Jonathan Seeyave’s late grandfather started his family's business in 1952. Seeyave Senior began by selling ice-cream, before moving into frozen foods on a large scale and rebranding the company as Happy World Group.
Before Jonathan joined the latter, it wasn't assumed that he would enter the family firm. “I worked in Japan at the time and I hadn’t been in Mauritius for a large part of my life; I left when I was ten to study in England,” he says.
Until today. “I wanted to discover the family business and get in touch with my family again,” he says. So Jonathan enrolled on the Global MBA program at ESSEC Business School in France. “It gives you an all-round set of skills for any business and really does develop those skills,” he says. “You can take it back to the family firm and see how it can develop or enhance the business.”
For many companies across the globe, demand for business education has surged as large family companies face succession challenges.
Family-owned firms make up 80% of all business enterprises in the United States and 75% of all businesses in Europe, according to the Family Firm Institute, an association for professionals serving the family enterprise field.
They also make up 80% of all companies in the Gulf and employ the majority of the region’s workforce.
As conglomerates move on to the third and fourth generations, family rivalries can set in as some business units outperform others. A business school program such as an MBA can help smooth out structural transition, and many MBA students are set to inherit business empires.
“Before the MBA I was working at the family business and… I was always in the background,” says Adnan Binmahfooz, whose family firm which sells staple foods in the Middle East, Salem Abdullah Binmahfooz Est, is seemingly in need of a manager.
“I needed to participate with senior-level executives and communicate ideas very clearly with buyers and clients in a more linear way,” says Adnan, who graduated from MIP’s Design and Luxury Management program last year. “The MBA helped my career exponentially.”
Future owners like Adnan are fuelling a demand among business schools for programs that can cater for their specific areas of need, such as asset management and leadership.

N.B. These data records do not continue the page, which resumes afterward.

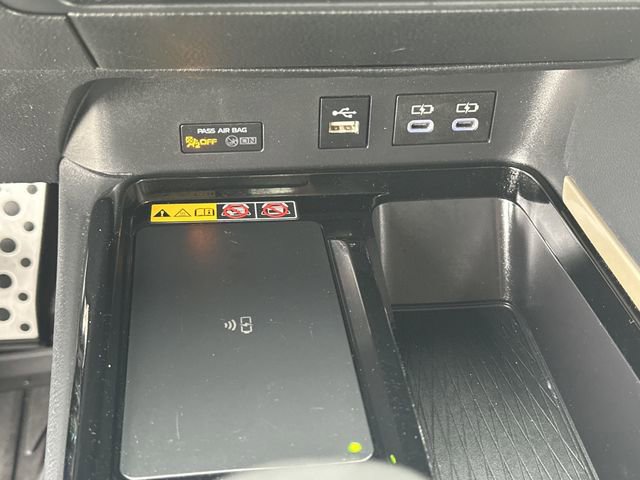 Used 2025 Toyota Camry XSE image 17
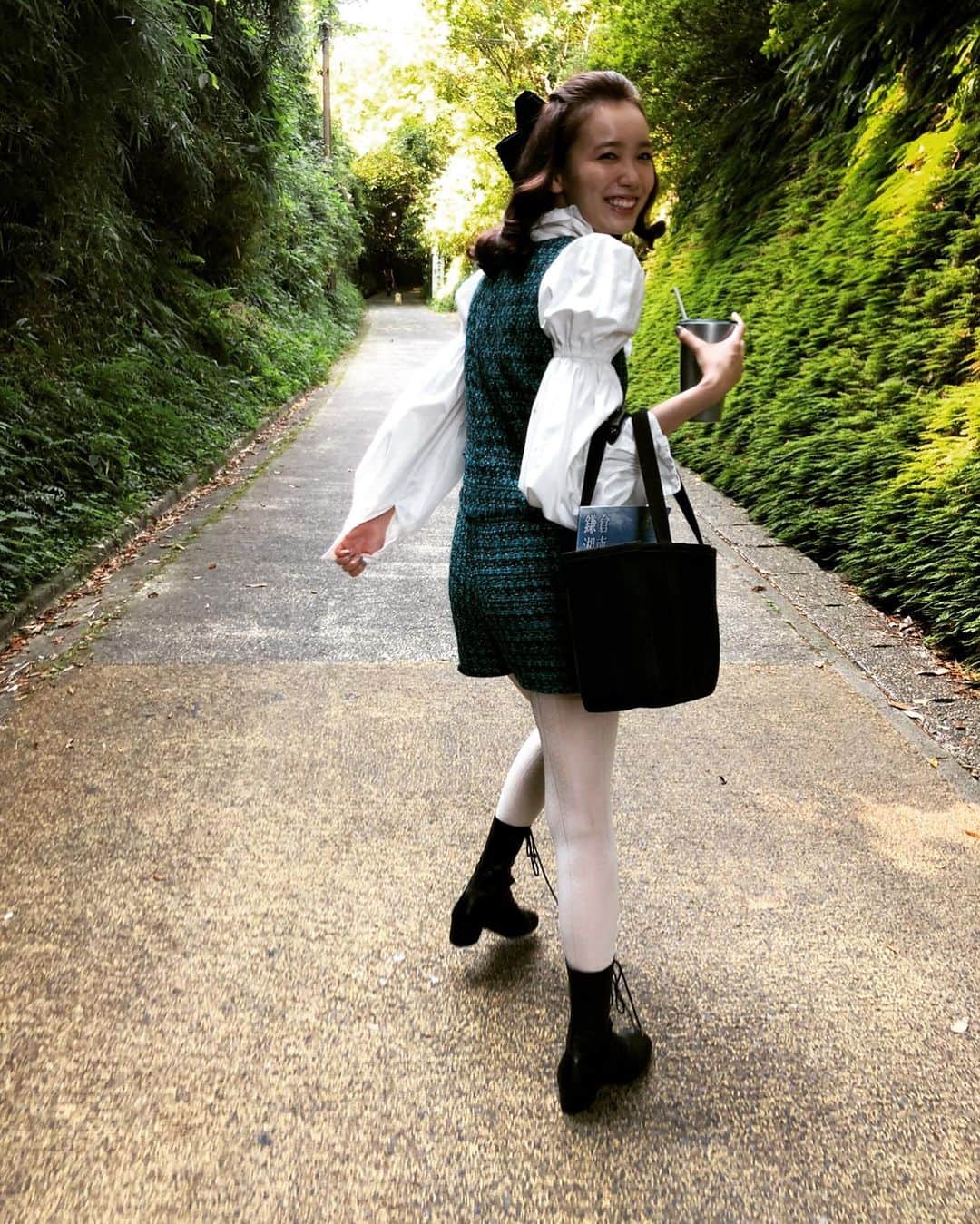 飯豊まりえのインスタグラム：「本日より  よる10時から #岸辺露伴は動かない   NHK総合と BS4Kより放送されます！😇  #岸辺露伴 #泉京香 #富豪村 #くしゃがら #dna」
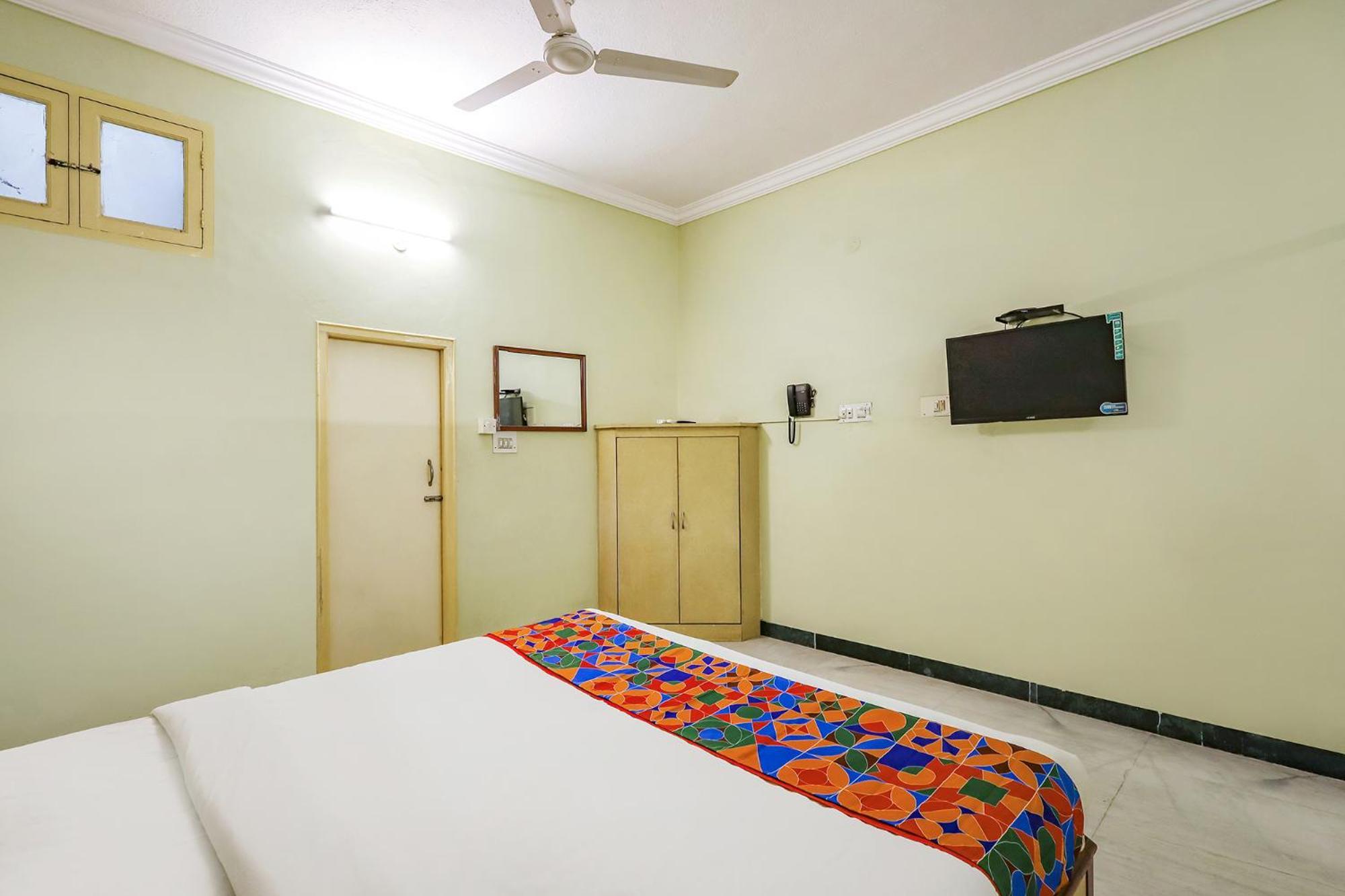 Fabexpress Sunshine Residency - Nr Avm Film Hotel Chennai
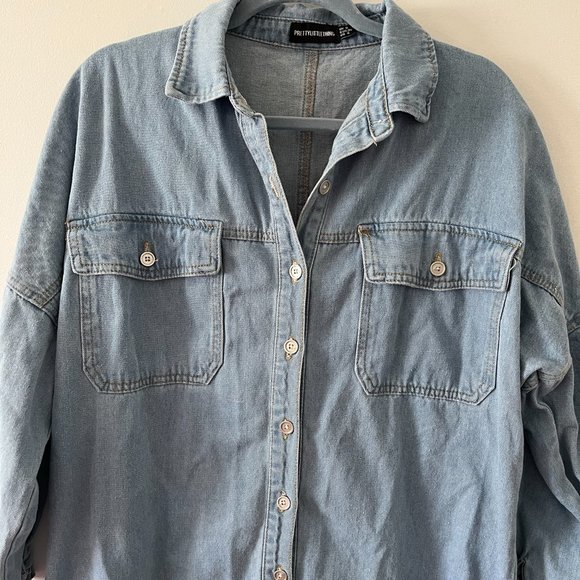Pretty Little Thing Long Sleeve Lightwash Denim Jean Dress US sz 4 UK sz 8 - Picture 2 of 12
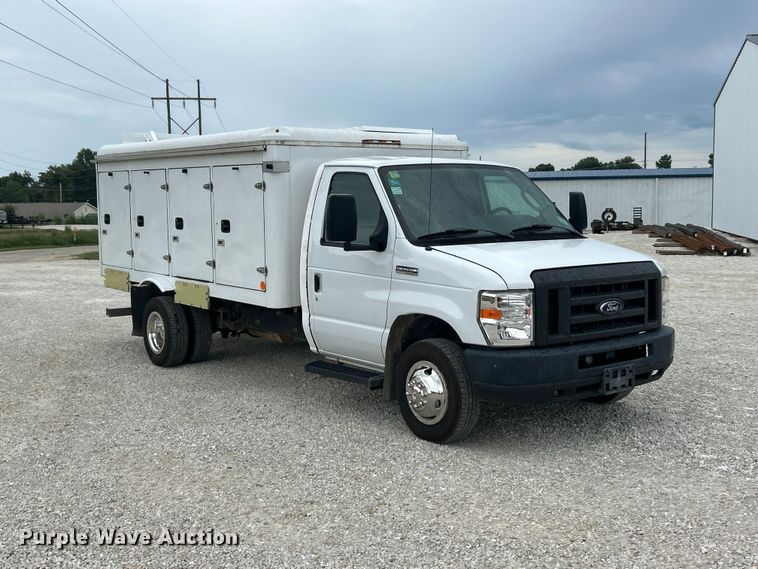 image for item FT6001 2018 Ford E450 Super Duty refrigerated delivery truck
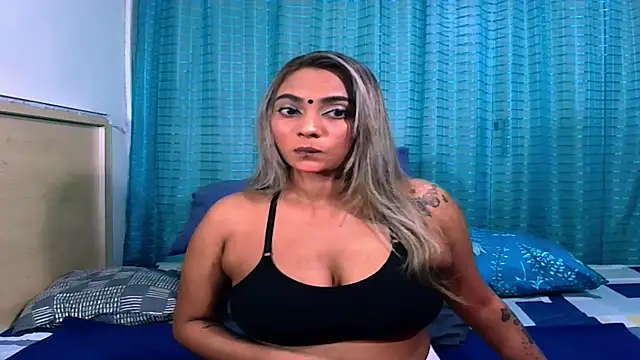 Snapshot of sexyindianchic chatting on 06/16/26, 05:48 sexyindianchic online show from 06/16/26, 05:48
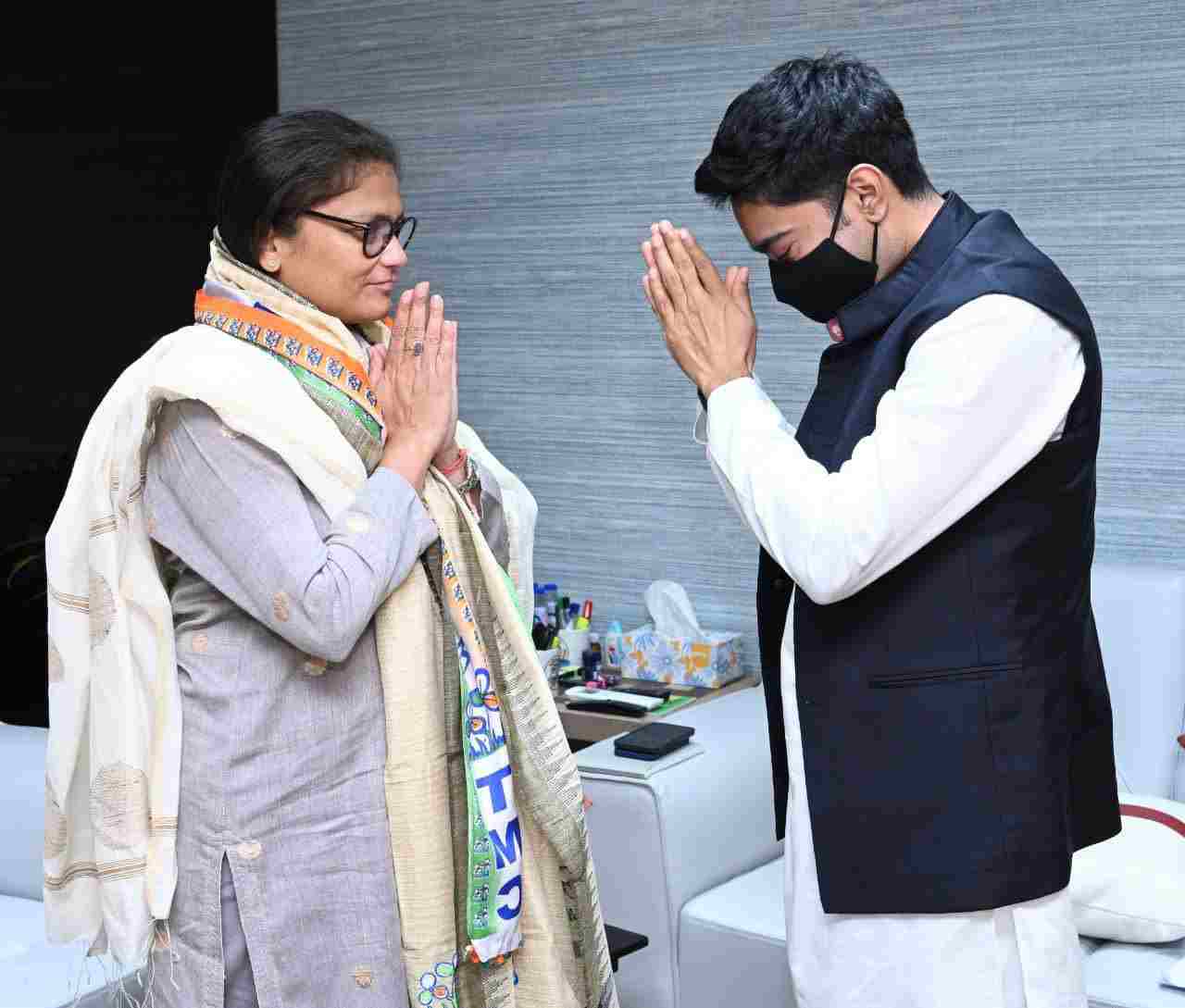 former silchar mp sushmita dev quits congress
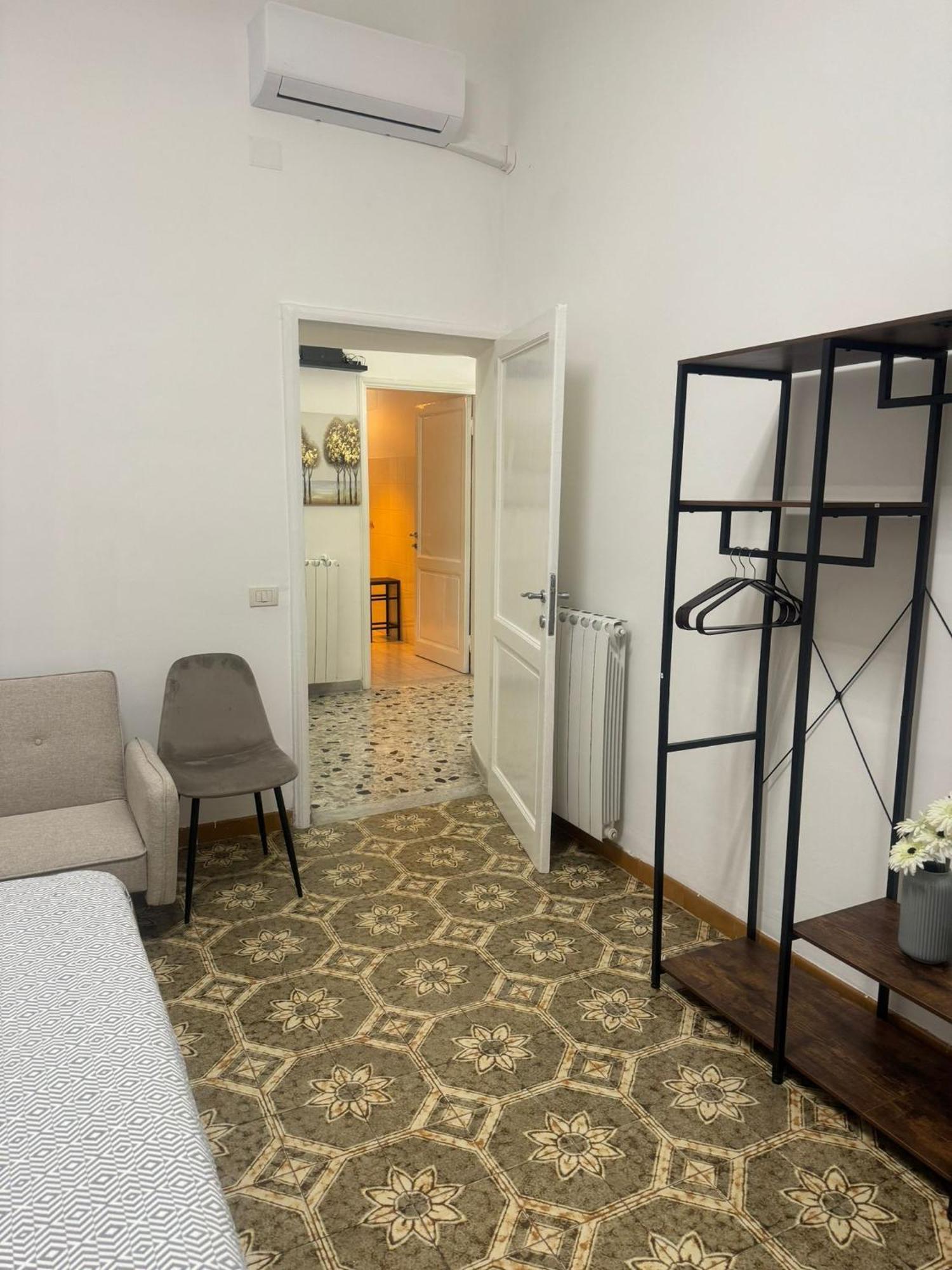 Larisa Home Apartment Рим Екстериор снимка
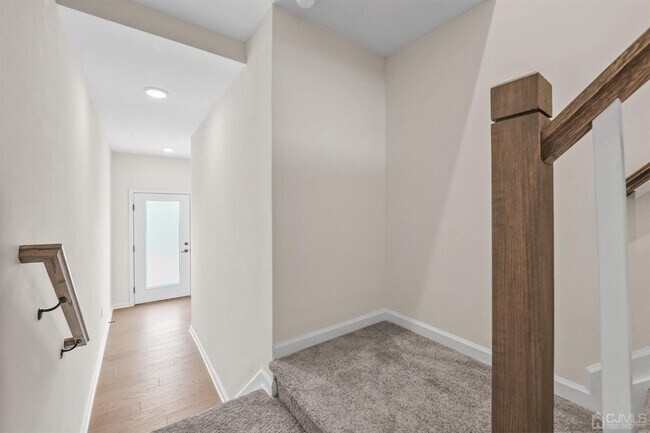 Building Photo - 204 Lyla Ln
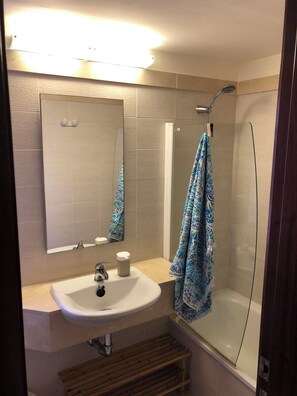 Hair dryer, bidet, towels, soap - Apartment by the sea El Medano (El Médano)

Swiss-based business school IMD plans to launch The Next Generation in November. The program, for younger family business executives, will have dual modules in Lausanne, Switzerland, and at the school’s campus in Singapore.
Western schools have been tapping into a rising demand for part-time degrees which family managers can study while running their firm’s operations.
These business education courses created for family executives were mostly only available to larger corporations. Several big-name brands including Mars Inc, the confectionary brand, and Enterprise Rent-A-Car are owned by families. But a new trend for offering courses to SMEs has emerged.
INSEAD of France established an Abu Dhabi campus in 2012, and its five-day Family Enterprise course focuses on governance and effectiveness.
Other European schools have sought to launch campuses in the Middle East, where links to family businesses remain strong. London’s Cass Business School opened a centre in Dubai in 2007. The school teaches succession planning as part of its corporate governance course in Dubai.
The trend is emerging further west. United States-based Columbia Business School rolled out a course on family enterprises and wealth in 2012. Enrolment has since doubled to 47 students last year.
Carolina's Kenan-Flagler Business School has two courses on family business, and Cornell University’s Johnson School plans to open a family business program, which will offer a speaker series for students and executives. Chicago's Quinlan School of Business has two classes for business owners and employees, capped at 12 people per 18-month class.
“I had a sense that I needed to acquire more skills in order to optimize the opportunities of the company,” he adds. “I wanted to learn how to manage people and incentivize them.”
Santiago’s grandfather founded their company, San Lorenzo S.A, about 40 years ago. They began in the automotive sector but the production has shifted to new products in the gardening industry as well as small engines which are used in lawnmowers.
He joined the Colombia-based firm in 2009 and rose through the ranks before joining business school last year.
“We have an established way of doing things at the company and I wanted to learn what the world is shifting to, and bring this knowledge back to propel the company to the next stage,” says Santiago. “ESSEC has given me that.”